Exercise description ->
Transcribe exactly the lines from the one containing "STARBUCKS - MENARA BTN 2" through the end of the data, both included. Leave out pictures.

Input data ->
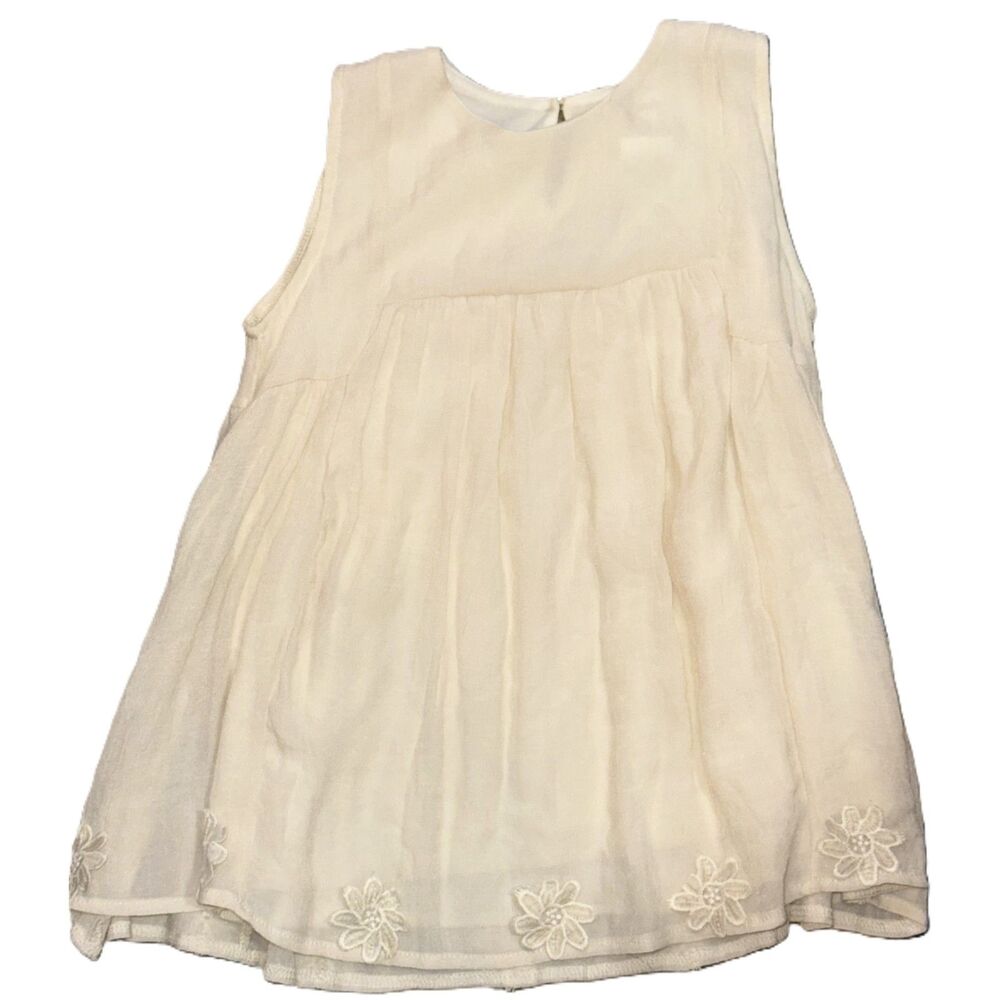 Little Sassy Scoop Neck Dress Embroidered Flower Bottom
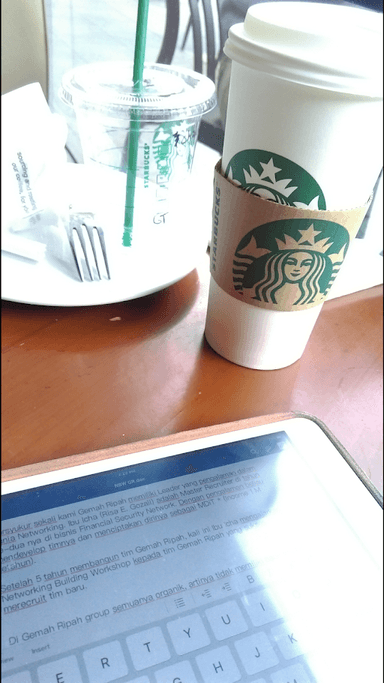 STARBUCKS - MENARA BTN 2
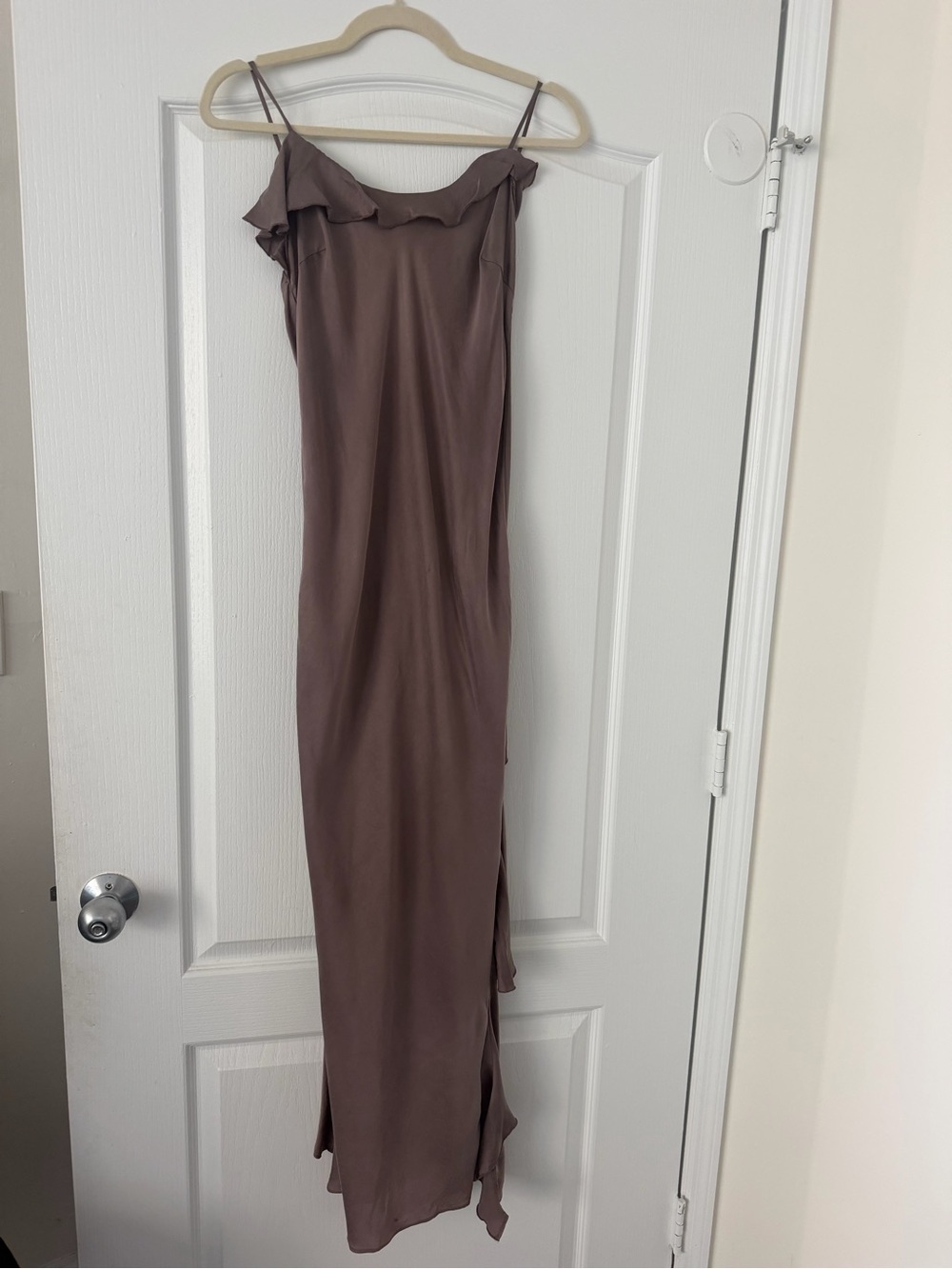 Silky Flutter Ruffled Long Slip - Picture 5 of 8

Your response ->
 STARBUCKS - MENARA BTN 2
 Silky Flutter Ruffled Long Slip - Picture 5 of 8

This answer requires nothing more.